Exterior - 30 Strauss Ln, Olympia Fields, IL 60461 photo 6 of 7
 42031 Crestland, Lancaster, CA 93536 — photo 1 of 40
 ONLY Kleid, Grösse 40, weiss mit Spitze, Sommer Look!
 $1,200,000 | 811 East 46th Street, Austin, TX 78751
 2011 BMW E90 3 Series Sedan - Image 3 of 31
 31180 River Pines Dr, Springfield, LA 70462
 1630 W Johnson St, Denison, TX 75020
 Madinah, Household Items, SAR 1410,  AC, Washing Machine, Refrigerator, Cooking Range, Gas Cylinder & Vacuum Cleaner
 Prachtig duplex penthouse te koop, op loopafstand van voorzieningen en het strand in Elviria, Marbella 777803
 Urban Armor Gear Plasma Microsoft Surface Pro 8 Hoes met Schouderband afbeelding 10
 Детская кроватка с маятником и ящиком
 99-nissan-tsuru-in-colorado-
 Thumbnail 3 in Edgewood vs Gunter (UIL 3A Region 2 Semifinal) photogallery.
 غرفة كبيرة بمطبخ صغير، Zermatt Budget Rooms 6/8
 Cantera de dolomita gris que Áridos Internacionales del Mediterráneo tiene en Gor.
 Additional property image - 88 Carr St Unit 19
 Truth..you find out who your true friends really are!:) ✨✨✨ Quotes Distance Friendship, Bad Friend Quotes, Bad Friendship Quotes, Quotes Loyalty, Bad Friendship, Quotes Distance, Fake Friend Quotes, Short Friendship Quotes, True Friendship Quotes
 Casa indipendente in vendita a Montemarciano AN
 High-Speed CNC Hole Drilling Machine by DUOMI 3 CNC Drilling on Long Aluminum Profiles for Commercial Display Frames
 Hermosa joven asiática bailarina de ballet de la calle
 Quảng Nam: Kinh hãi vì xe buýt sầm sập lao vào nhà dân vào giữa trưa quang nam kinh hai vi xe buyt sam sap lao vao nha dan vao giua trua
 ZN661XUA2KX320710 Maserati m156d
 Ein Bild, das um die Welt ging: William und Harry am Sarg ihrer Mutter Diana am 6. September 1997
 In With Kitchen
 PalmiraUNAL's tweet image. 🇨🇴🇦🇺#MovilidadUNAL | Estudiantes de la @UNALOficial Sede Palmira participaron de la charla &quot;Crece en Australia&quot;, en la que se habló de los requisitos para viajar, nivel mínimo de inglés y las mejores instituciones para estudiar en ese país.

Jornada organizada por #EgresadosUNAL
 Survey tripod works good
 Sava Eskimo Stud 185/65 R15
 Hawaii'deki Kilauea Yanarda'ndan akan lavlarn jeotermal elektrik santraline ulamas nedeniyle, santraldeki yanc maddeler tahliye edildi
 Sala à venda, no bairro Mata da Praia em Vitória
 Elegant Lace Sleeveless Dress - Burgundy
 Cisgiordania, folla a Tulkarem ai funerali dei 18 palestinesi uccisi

※ ※ ※

* [EXERCISE DIRECTIONS]:
Go through the listing and print each line exactly as it appears.

* [RESPONSE TO THE TASK]:
Exterior - 30 Strauss Ln, Olympia Fields, IL 60461 photo 6 of 7
 42031 Crestland, Lancaster, CA 93536 — photo 1 of 40
 ONLY Kleid, Grösse 40, weiss mit Spitze, Sommer Look!
 $1,200,000 | 811 East 46th Street, Austin, TX 78751
 2011 BMW E90 3 Series Sedan - Image 3 of 31
 31180 River Pines Dr, Springfield, LA 70462
 1630 W Johnson St, Denison, TX 75020
 Madinah, Household Items, SAR 1410,  AC, Washing Machine, Refrigerator, Cooking Range, Gas Cylinder & Vacuum Cleaner
 Prachtig duplex penthouse te koop, op loopafstand van voorzieningen en het strand in Elviria, Marbella 777803
 Urban Armor Gear Plasma Microsoft Surface Pro 8 Hoes met Schouderband afbeelding 10
 Детская кроватка с маятником и ящиком
 99-nissan-tsuru-in-colorado-
 Thumbnail 3 in Edgewood vs Gunter (UIL 3A Region 2 Semifinal) photogallery.
 غرفة كبيرة بمطبخ صغير، Zermatt Budget Rooms 6/8
 Cantera de dolomita gris que Áridos Internacionales del Mediterráneo tiene en Gor.
 Additional property image - 88 Carr St Unit 19
 Truth..you find out who your true friends really are!:) ✨✨✨ Quotes Distance Friendship, Bad Friend Quotes, Bad Friendship Quotes, Quotes Loyalty, Bad Friendship, Quotes Distance, Fake Friend Quotes, Short Friendship Quotes, True Friendship Quotes
 Casa indipendente in vendita a Montemarciano AN
 High-Speed CNC Hole Drilling Machine by DUOMI 3 CNC Drilling on Long Aluminum Profiles for Commercial Display Frames
 Hermosa joven asiática bailarina de ballet de la calle
 Quảng Nam: Kinh hãi vì xe buýt sầm sập lao vào nhà dân vào giữa trưa quang nam kinh hai vi xe buyt sam sap lao vao nha dan vao giua trua
 ZN661XUA2KX320710 Maserati m156d
 Ein Bild, das um die Welt ging: William und Harry am Sarg ihrer Mutter Diana am 6. September 1997
 In With Kitchen
 PalmiraUNAL's tweet image. 🇨🇴🇦🇺#MovilidadUNAL | Estudiantes de la @UNALOficial Sede Palmira participaron de la charla &quot;Crece en Australia&quot;, en la que se habló de los requisitos para viajar, nivel mínimo de inglés y las mejores instituciones para estudiar en ese país.

Jornada organizada por #EgresadosUNAL
 Survey tripod works good
 Sava Eskimo Stud 185/65 R15
 Hawaii'deki Kilauea Yanarda'ndan akan lavlarn jeotermal elektrik santraline ulamas nedeniyle, santraldeki yanc maddeler tahliye edildi
 Sala à venda, no bairro Mata da Praia em Vitória
 Elegant Lace Sleeveless Dress - Burgundy
 Cisgiordania, folla a Tulkarem ai funerali dei 18 palestinesi uccisi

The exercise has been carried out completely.